A Look at the Hydra Software

At the center of all of this is the Hydra software, which as we said before is where much of the magic is happening.

Once installed, the Hydra software sets up a control panel that allows the user to enable/disable the Hydra feature, and to adjust game profiles.

Yeah, you read that right – we still haven’t completely escaped profiles.

At its highest level, the Hydra software is generic. It looks at just D3D/OpenGL commands and decides where to go from there. However the process isn’t perfect, and a lot of games encounter errors with the current drivers. So in order to keep the Hydra feature from being enabled on games that can’t handle it, Lucid keeps a list of approved games, which are built into the software as profiles.

Think of this as lite-profiles however. The profiles are simply a list of executables that the Hydra feature has been tested on and approved; the profiles aren’t a list of game-specific optimizations like NVIDIA and AMD’s game profiles are, and as far as we can tell Lucid isn’t doing any other game detection in the drivers, so it’s as generic as they claim. To this extent, the profiles serve largely as a list of recommended games, rather than an absolute list. You can easily add additional game profiles to the list, however there’s obviously no guarantee that they will work correctly with the Hydra.

The latest version of the Hydra driver is version 1.4, which was released this past week. The Fuzion board is shipping with 1.3, while the 1.4 drivers will be available for download.

Currently only Direct3D 9, 10, 10.1, and OpenGL are supported. The Hydra software does not support DirectX 11 (not that you currently have a lot of cards to choose from), which is something Lucid will be adding in March with the 1.5 drivers. Also coming in the 1.5 drivers will be much more generic support for video cards. Right now the software only supports video cards on a hardcoded list (e.g. the 1.3 drivers didn’t know about the Radeon 5000 series), with the 1.5 drivers they will recognize and support every card within an entire family, including unreleased cards. So a Radeon 5860 for example would be supported, which means the drivers won’t be out of date the moment someone releases a minor new card variant.

Speaking of new releases, we asked Lucid about what the software support policy is for the Hydra. They are planning on quarterly releases (1.4 being their Q4’09 release), which worries us somewhat. The issue is that the Hydra technology runs the risk of being out of date for months at a time. When NVIDIA launches Fermi, it won’t immediately work with the Hydra. If a hot new game comes out and doesn’t already work with the Hydra, you’ll have to wait. Lucid has said that they’re willing to do minor drops if a situation particularly demands it, but it’s not a concrete promise like quarterly driver releases are. And to be fair we encounter these things with NVIDIA and AMD as well, but AMD and NVIDIA have proven to be fairly reliable in getting beta/hotfix drivers out when it counts.
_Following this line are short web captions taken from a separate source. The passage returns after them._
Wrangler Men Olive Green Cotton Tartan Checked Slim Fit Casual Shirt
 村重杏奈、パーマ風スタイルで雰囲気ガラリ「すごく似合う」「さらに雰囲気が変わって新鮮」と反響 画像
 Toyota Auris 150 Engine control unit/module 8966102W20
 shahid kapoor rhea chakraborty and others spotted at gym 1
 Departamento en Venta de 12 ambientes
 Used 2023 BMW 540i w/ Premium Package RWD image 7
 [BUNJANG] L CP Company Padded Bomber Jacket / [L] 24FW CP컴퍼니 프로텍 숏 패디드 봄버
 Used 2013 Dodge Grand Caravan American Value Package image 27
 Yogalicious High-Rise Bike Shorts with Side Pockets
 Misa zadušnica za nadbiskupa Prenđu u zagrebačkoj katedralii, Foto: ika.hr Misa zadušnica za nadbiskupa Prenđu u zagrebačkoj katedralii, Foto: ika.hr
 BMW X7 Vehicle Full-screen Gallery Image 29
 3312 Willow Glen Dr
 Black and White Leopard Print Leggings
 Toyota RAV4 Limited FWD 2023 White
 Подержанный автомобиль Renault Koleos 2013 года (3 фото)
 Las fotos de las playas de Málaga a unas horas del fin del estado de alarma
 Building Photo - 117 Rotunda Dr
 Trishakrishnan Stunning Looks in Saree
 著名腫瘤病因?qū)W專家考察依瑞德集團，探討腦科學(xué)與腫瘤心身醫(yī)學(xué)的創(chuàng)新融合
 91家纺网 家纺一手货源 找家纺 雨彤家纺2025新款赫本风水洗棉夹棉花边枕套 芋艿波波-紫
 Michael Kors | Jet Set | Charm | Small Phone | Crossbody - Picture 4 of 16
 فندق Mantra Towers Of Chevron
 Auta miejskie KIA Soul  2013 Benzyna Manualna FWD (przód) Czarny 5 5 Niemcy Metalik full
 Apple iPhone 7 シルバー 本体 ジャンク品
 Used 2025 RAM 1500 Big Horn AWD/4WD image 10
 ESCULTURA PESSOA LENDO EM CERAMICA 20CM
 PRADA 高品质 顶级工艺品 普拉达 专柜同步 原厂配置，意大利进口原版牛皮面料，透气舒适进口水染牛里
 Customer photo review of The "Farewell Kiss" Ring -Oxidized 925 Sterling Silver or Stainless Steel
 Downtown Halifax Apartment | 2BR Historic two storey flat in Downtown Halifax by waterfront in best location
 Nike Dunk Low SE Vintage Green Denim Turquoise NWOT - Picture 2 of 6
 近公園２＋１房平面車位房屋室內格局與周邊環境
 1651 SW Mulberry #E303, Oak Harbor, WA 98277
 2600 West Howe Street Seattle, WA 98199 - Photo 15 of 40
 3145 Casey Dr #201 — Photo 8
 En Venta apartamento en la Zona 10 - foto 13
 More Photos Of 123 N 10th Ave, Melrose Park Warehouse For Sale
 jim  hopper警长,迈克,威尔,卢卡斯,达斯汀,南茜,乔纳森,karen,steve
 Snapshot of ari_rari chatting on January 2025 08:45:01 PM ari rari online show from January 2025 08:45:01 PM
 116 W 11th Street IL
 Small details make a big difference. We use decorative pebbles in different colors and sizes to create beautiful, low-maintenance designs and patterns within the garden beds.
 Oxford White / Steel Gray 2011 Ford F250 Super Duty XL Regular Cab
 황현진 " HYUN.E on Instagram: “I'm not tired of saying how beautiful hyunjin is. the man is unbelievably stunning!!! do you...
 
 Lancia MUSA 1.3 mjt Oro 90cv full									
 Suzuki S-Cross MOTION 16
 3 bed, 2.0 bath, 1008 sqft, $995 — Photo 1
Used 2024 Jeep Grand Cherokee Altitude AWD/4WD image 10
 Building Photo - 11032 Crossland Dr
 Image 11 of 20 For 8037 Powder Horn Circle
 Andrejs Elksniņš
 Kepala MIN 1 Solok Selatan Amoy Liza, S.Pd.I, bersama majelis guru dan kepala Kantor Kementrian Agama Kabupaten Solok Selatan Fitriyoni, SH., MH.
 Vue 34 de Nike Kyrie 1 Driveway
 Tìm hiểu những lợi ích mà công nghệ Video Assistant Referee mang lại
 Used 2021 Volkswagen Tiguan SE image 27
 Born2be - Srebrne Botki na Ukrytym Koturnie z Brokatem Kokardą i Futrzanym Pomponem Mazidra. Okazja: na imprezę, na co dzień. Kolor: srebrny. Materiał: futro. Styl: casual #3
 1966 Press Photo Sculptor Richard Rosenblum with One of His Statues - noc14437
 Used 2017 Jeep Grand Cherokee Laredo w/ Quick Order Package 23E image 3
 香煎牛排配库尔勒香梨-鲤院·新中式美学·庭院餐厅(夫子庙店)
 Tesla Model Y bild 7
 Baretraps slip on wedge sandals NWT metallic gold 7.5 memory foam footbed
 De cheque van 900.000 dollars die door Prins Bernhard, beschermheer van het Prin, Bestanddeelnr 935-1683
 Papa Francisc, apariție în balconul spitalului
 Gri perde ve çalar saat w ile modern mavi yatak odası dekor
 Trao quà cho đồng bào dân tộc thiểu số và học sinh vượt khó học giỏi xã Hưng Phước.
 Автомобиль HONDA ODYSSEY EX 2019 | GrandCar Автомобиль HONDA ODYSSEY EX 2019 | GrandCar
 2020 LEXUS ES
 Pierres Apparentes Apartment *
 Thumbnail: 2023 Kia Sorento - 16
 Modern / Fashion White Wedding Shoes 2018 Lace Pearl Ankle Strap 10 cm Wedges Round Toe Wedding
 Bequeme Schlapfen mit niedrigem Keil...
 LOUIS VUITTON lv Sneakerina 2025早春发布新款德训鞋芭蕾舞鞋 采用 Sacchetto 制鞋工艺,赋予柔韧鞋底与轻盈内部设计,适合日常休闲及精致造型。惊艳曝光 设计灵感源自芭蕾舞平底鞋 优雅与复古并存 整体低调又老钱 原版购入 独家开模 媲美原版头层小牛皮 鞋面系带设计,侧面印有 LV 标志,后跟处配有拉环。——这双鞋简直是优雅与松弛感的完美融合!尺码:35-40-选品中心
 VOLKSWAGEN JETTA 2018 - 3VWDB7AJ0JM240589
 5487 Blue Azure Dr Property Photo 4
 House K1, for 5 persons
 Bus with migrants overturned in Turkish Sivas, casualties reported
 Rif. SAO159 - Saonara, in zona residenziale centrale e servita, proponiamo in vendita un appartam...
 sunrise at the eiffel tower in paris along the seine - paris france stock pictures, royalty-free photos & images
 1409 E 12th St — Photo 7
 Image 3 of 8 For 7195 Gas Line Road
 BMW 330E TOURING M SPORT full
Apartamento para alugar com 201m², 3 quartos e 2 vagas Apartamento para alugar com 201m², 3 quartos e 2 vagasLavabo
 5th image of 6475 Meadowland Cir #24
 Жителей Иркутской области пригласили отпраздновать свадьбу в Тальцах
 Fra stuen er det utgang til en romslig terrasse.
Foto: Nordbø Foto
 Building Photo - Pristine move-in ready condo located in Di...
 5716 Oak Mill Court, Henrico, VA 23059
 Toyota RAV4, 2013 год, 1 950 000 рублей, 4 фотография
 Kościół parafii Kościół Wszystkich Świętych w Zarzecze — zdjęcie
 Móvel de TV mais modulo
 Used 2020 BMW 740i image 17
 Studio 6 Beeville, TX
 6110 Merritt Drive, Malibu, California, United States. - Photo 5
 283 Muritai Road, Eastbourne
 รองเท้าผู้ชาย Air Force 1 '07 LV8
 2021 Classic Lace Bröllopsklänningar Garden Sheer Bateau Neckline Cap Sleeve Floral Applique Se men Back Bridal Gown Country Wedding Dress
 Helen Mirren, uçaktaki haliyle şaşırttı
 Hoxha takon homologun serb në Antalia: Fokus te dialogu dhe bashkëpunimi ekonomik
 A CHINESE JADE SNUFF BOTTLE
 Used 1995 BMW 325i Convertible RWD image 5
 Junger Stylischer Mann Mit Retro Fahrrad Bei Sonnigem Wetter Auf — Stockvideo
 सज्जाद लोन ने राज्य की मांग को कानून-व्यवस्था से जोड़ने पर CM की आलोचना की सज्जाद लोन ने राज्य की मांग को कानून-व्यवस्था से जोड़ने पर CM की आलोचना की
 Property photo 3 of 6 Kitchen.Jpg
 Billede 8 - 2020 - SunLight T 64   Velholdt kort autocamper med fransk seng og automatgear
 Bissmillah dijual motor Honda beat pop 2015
For anyone curious, Lucid has said that it takes them on average a couple of weeks of work on their end to build in support for a new family of video cards. When Fermi is released, potentially it may be supported by the Hydra in a short period of time.

Finally, we’ll quickly cover some terms that Lucid is using to describe various card configurations. A-Mode is the name for running 2 AMD cards. N-Mode is for running 2 NVIDIA cards. And X-Mode is for running a mixed pair of cards. This matters since some games don’t work with all of the modes.

The unfortunate state of reality for the Hydra technology right now is that the game support is still rather limited. In the last month Lucid has been putting most of their effort into getting X-Mode working (in the 1.3 drivers, it only worked on a couple of games, now it’s 40+) since X-Mode only became possible later last year with the launch of Windows 7. A-Mode and N-Mode are better supported than X-Mode, with between 60 and 70 games supported depending on the specific mode.

Besides working on X-Mode, Lucid has been working on various games based on a triage list of sorts to decide what gets added first. They’re effectively adding games based on their popularity & sales, which means that many popular games are already on the list.

Under normal circumstances we would agree with this list, but launching the Hydra with the Fuzion first presents us with an odd situation. Most popular games aren’t graphically intensive games, but the Fuzion is quite the expensive motherboard. What this means is that we can’t imagine anyone is going to pair the Fuzion with anything less than an equivalently-priced video card, which at this point in time would be the Radeon 5850. The Radeon 5850 runs just about everything well, in fact it’s a challenge for us to come up with things it doesn’t run well. The things it doesn’t run well, like Crysis and Battleforge, aren’t fully-supported games. So the Hydra is of limited utility at this point in time if it can’t be used to pair up powerful cards on graphically intensive games.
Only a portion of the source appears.